**Task:** Please output the entries that follow exactly, without a single image.

**Provided entries:**
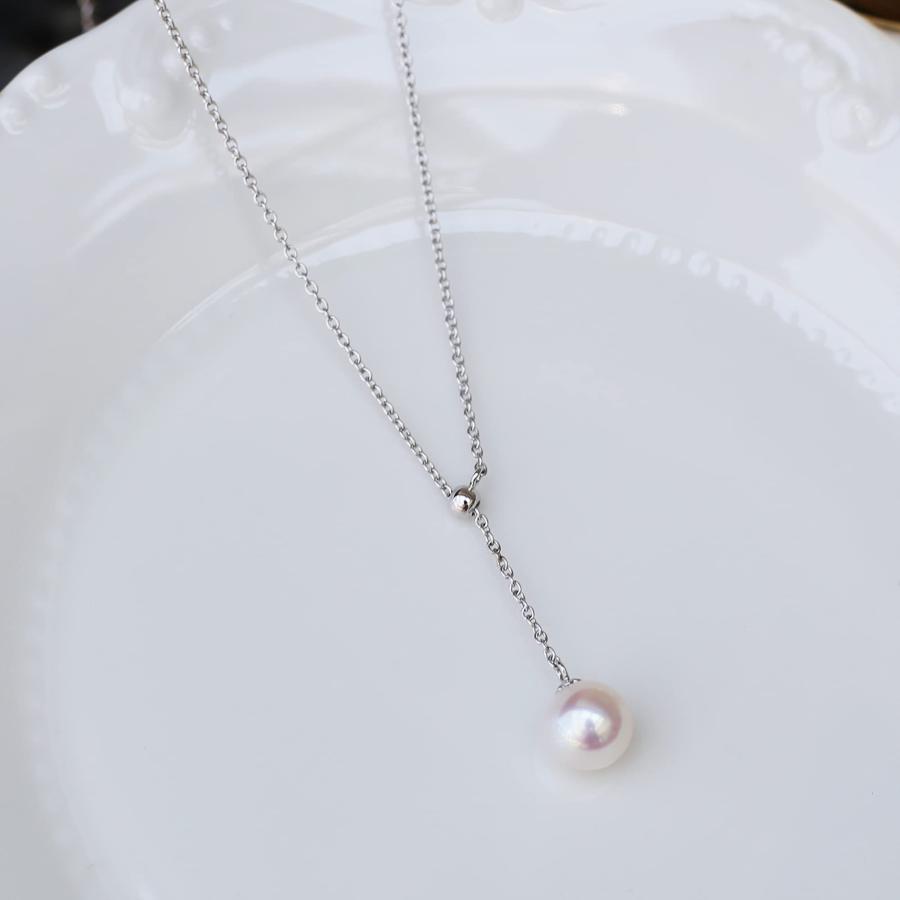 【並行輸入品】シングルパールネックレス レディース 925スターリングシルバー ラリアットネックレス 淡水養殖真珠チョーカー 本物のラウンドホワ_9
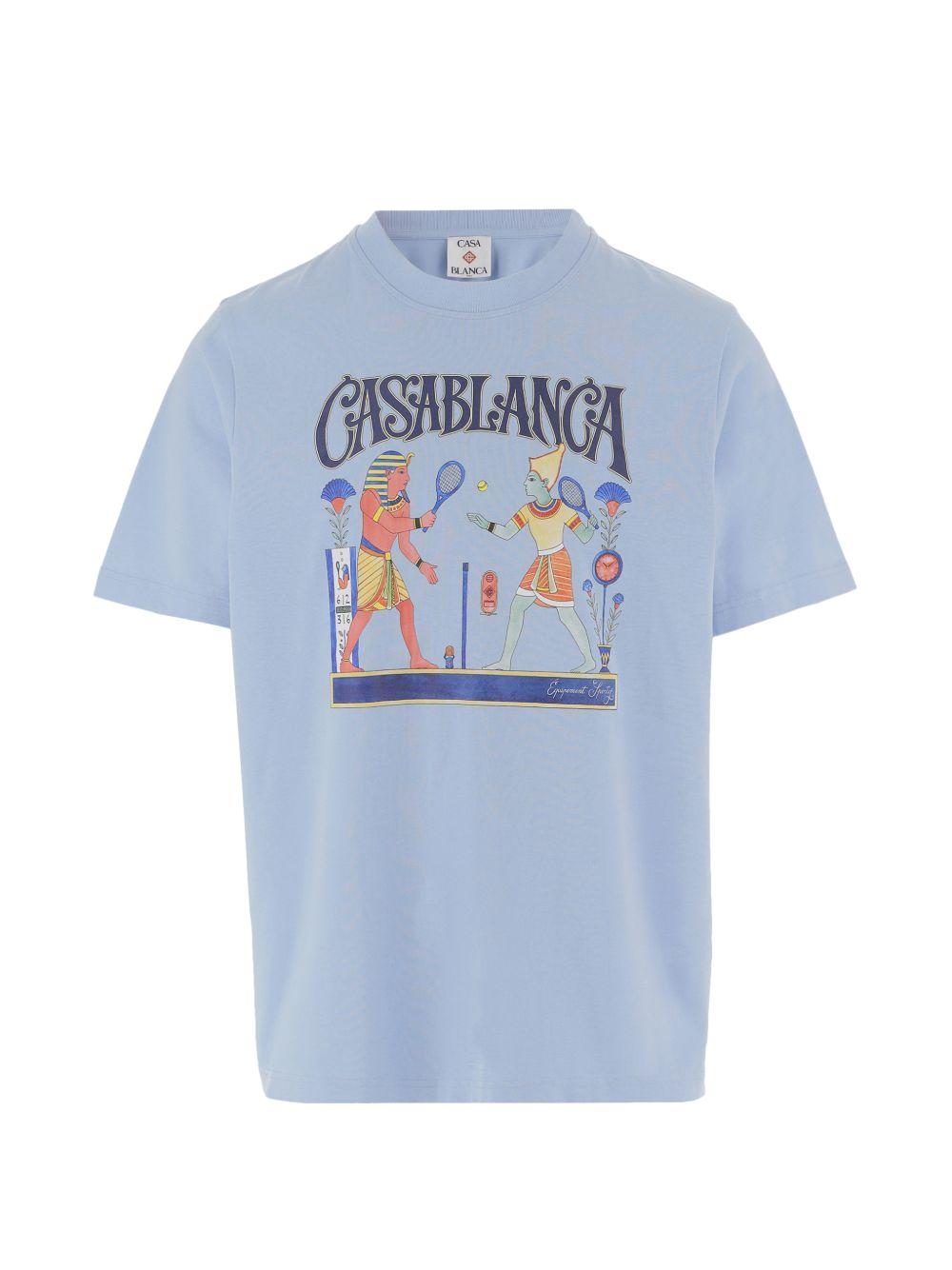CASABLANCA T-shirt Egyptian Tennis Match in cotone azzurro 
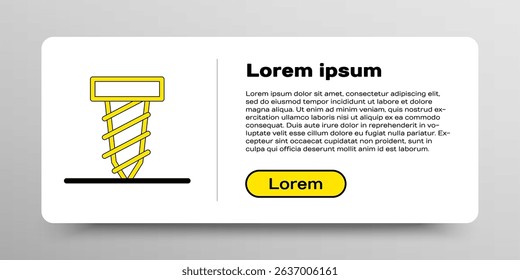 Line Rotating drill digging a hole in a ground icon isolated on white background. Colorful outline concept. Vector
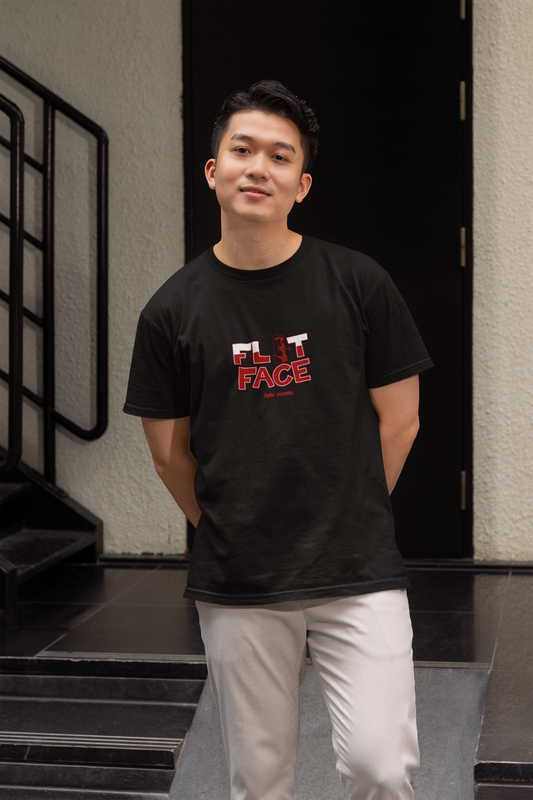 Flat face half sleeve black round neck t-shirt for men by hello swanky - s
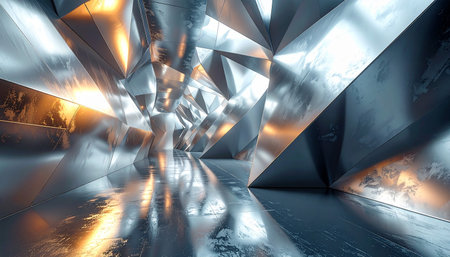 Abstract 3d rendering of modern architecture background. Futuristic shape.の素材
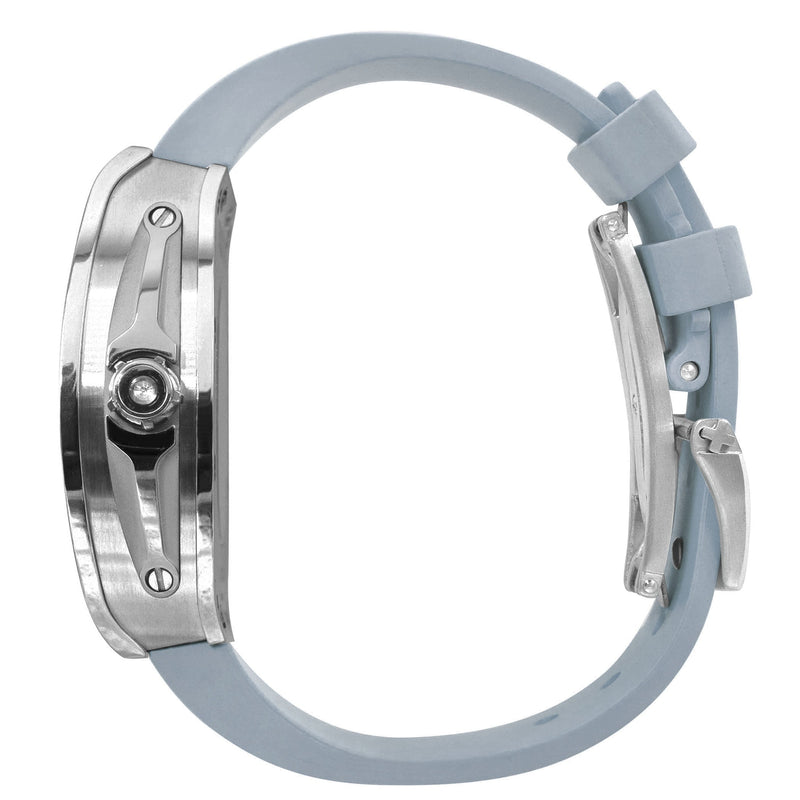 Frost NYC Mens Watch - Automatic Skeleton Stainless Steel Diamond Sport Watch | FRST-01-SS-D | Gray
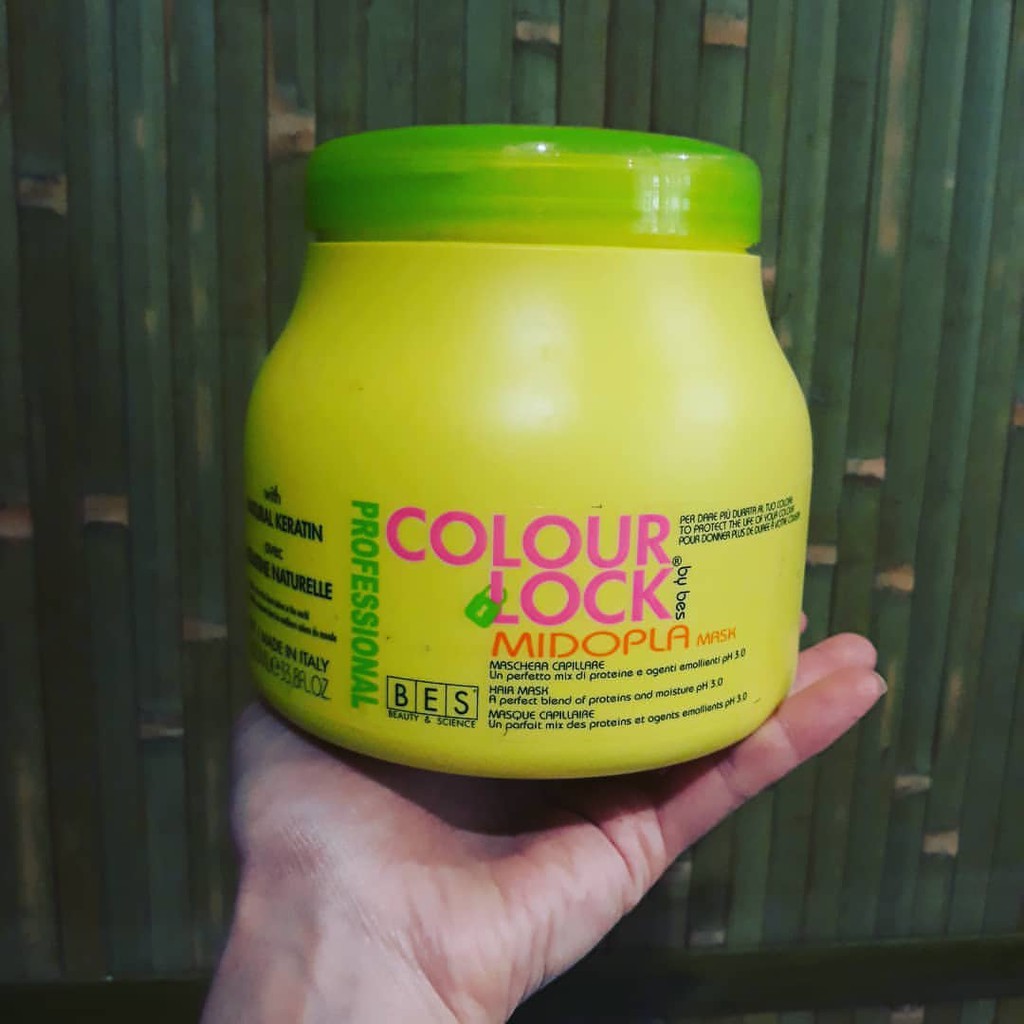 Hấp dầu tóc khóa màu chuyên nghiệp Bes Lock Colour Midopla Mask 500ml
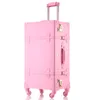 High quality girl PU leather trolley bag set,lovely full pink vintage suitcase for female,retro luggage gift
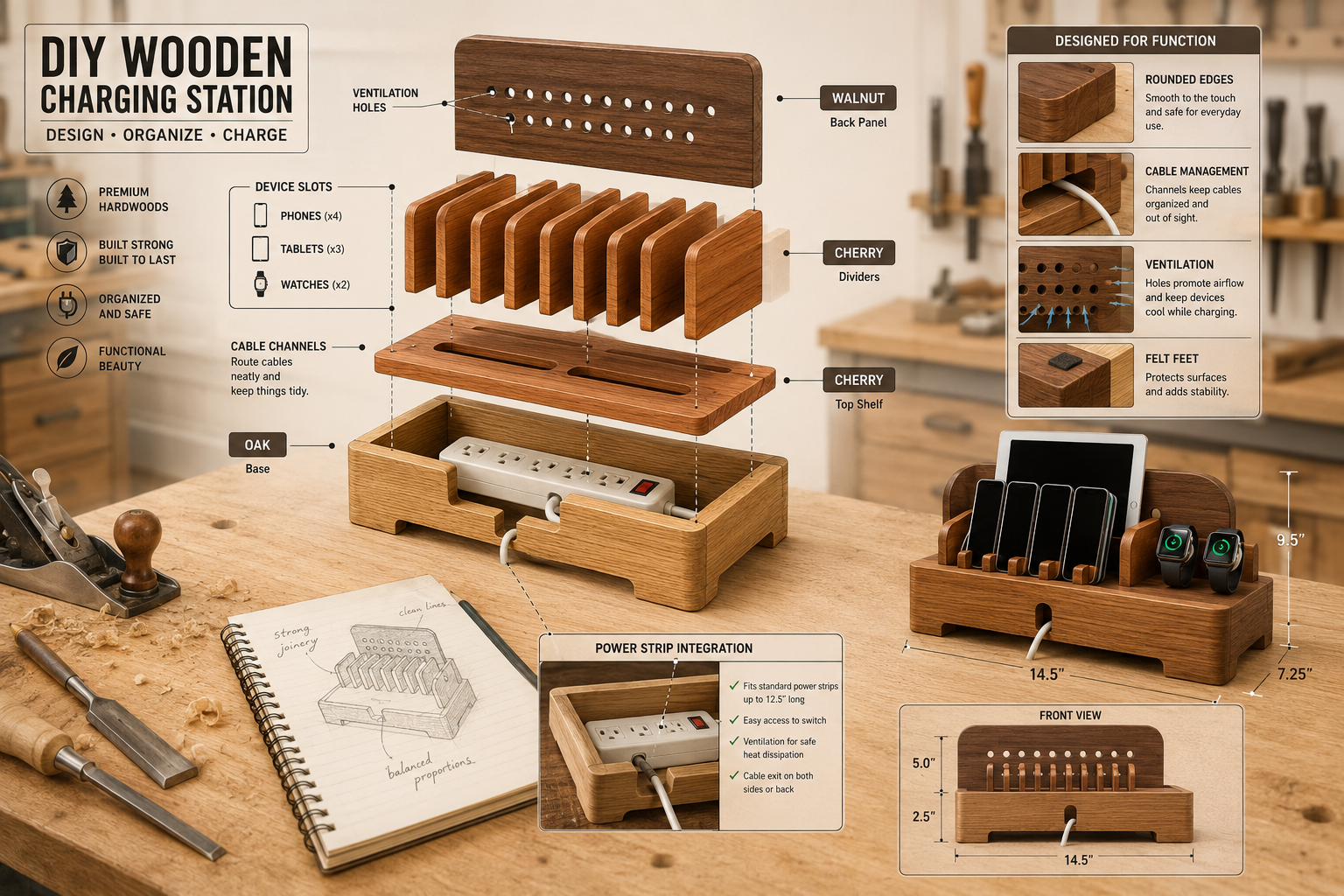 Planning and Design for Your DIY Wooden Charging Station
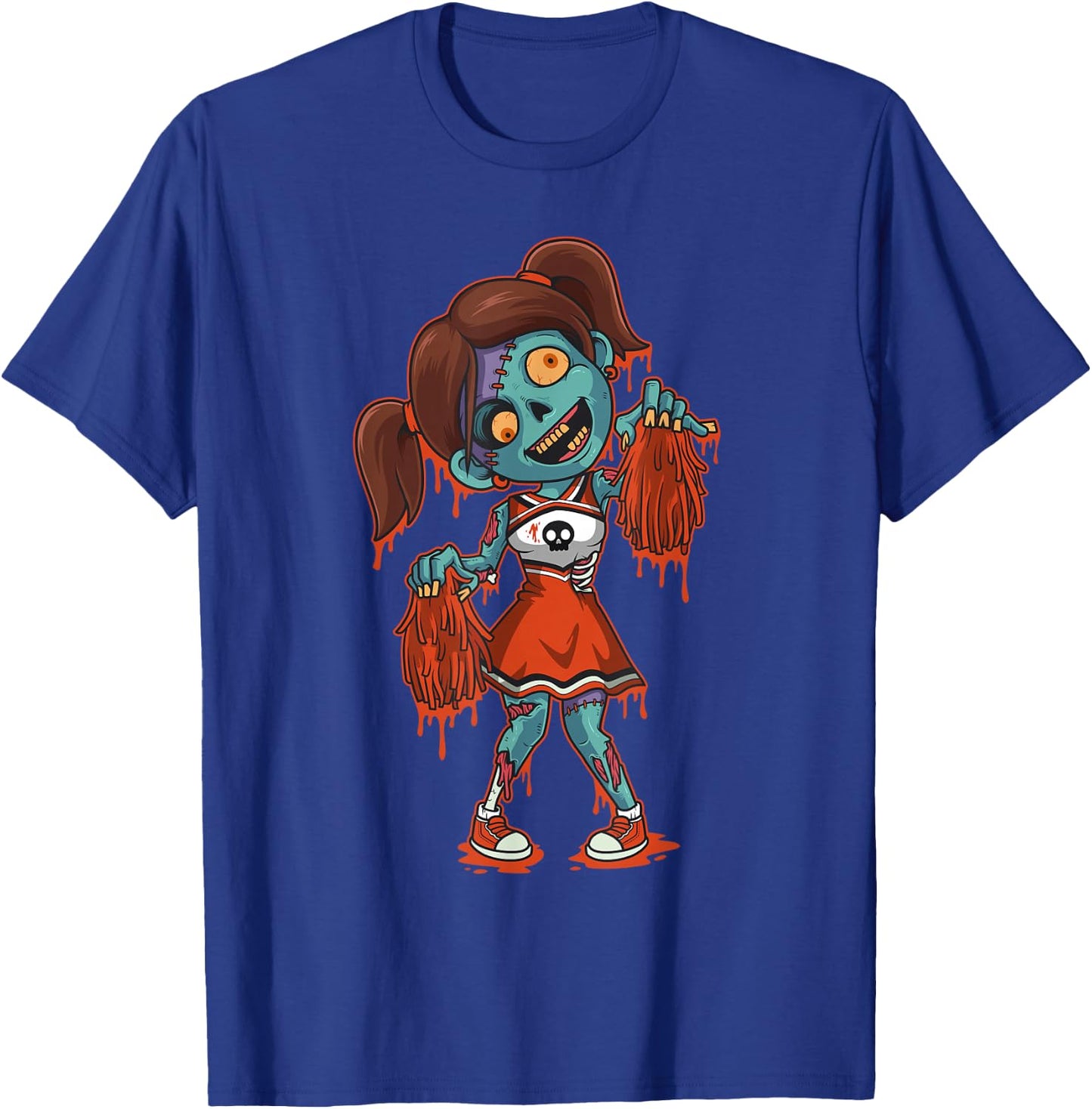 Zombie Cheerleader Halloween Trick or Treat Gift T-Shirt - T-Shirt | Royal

**Reply to the exercise:**
 【並行輸入品】シングルパールネックレス レディース 925スターリングシルバー ラリアットネックレス 淡水養殖真珠チョーカー 本物のラウンドホワ_9
CASABLANCA T-shirt Egyptian Tennis Match in cotone azzurro 
 Line Rotating drill digging a hole in a ground icon isolated on white background. Colorful outline concept. Vector
 Flat face half sleeve black round neck t-shirt for men by hello swanky - s
 Abstract 3d rendering of modern architecture background. Futuristic shape.の素材
 Frost NYC Mens Watch - Automatic Skeleton Stainless Steel Diamond Sport Watch | FRST-01-SS-D | Gray
 Hấp dầu tóc khóa màu chuyên nghiệp Bes Lock Colour Midopla Mask 500ml
 High quality girl PU leather trolley bag set,lovely full pink vintage suitcase for female,retro luggage gift
 Planning and Design for Your DIY Wooden Charging Station
 Zombie Cheerleader Halloween Trick or Treat Gift T-Shirt - T-Shirt | Royal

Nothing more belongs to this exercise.